Feminist hareketle birlikte eşcinsel hareket de zamanla gelişti, büyüdü, güçlendi ve LGBTİ hareketine dönüştü. Haziran ayının son haftasında, bu sene 26 Haziran’da tüm dünyada kutlanan Onur Yürüyüşü ve Onur Haftası, LGBTİ sayesinde ülkemizde 2005 yılından bu yana yapılıyor. Her yıl katılımcıları artıyor. Ancak Onur Yürüyüşü son üç dört senedir yetkililerce çeşitli vesilelerle engellenmeye çalışılmakta. Daha çok güvenlik sorununu öne süren makamların, yaşadığımız ortamı düşündüğümüzde temkinli ve uyarıcı olması yanlış değil. Ancak burada asıl mesele güvenlik değil; iktidarı destekleyen muhafazakâr cemaatin erkek temsilcilerinin Ramazan aylarına rastgelen yürüyüşten rahatsızlık duyması. Muhafazakâr cemaat, özellikle Ramazan’da veya ilanihaye Onur Yürüyüşü’nün yapılmasına karşı. Bu tutumu üstlenmek ve açıkça tehdit ederek engellemeye çalışmak ise Alperen Ocakları başkanına düştü (http://www.milliyet.com.tr/lgbti-onur-yuruyusu-ile-ilgili-son-gundem-2263664/)  Bu tehdide BBP Başkanı da katıldı. 

 

Bu olumsuz ortama yakın zamandaki Orlando katliamı da eklenince LGBTİ hareketi doğru bir karar aldı ve yürüyüşe katılacakları uyaran bir açıklama yayınladı (http://lgbti.org/onur-yuruyusune-katilacak-olan-kardeslerimizin-dikkatine/). Burada ilk elde, yürüyüşün Ramazan ayına rastlaması nedeniyle katılımcılardan “daha dikkatli davranılması, insanların inançlarına saygı duyulması”nı istedi ve “özellikle provokasyon amaçlı hazırlanan” pankartların taşınmaması yönünde uyarıda bulundu. Bu, LGBTİ’nin, Alperen Ocakları’nın kaba saba, şiddet ve hakaret içeren tehdidine karşı şiddet içermeyen yanıtıdır ve hasımlarına nasıl politika yapılması gerektiğinin dersini veriyor.
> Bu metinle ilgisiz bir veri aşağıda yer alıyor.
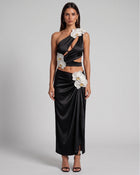 Orchid Embroidered Appliqué Draped Maxi Skirt - Black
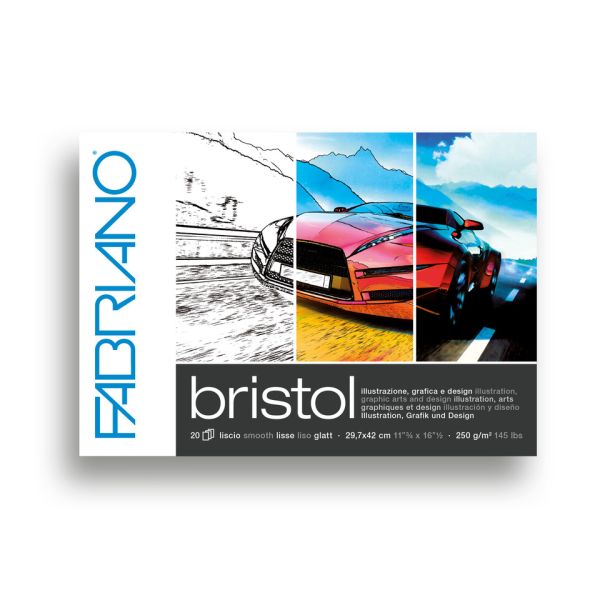 Blocco collato Fabriano Bristol liscio 250 g - 20 fogli A3 19002942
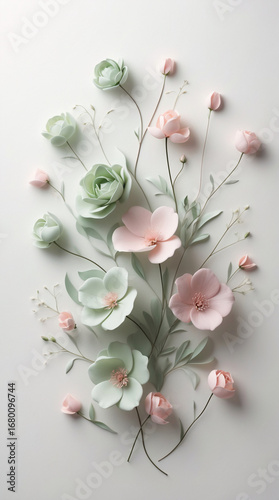delicate pastel green pink floral arrangement wall decor clean background floral frame botanical design suitable for copyspace and text template and wallpaper background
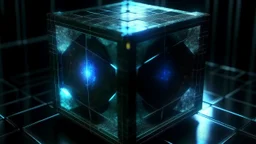 Cube tesseract from movie Loki. Located strictly in the middle of picture with space around it and with navy blue/green glow inside tesseract. Without surface on which it stay. Will be used for 404 error page.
Müslümanların duyarlılıklarına saygılı olduklarını belirten LGBTİ’nin bu tutumu, aslında müminlere düşmanca yaklaşımın rekorlarını kıran otoriter laikçilere de önemli bir ders niteliğinde.

 

LGBTİ yine şiddetsiz politikanın (muhalefetin) güçlü bir örneğini vererek katılımcılara güvenlik uyarısı yapıyor.

LGBTİ Türkiye’deki politika sahnesinde feministlerden sonra şiddetsiz muhalefetin ikinci güçlü sesi olmak onurunu da taşıyor.

 

Türkiye’yi değiştiren, dönüştüren, geleceği oluşturan da bu politik yaklaşımlar olacak.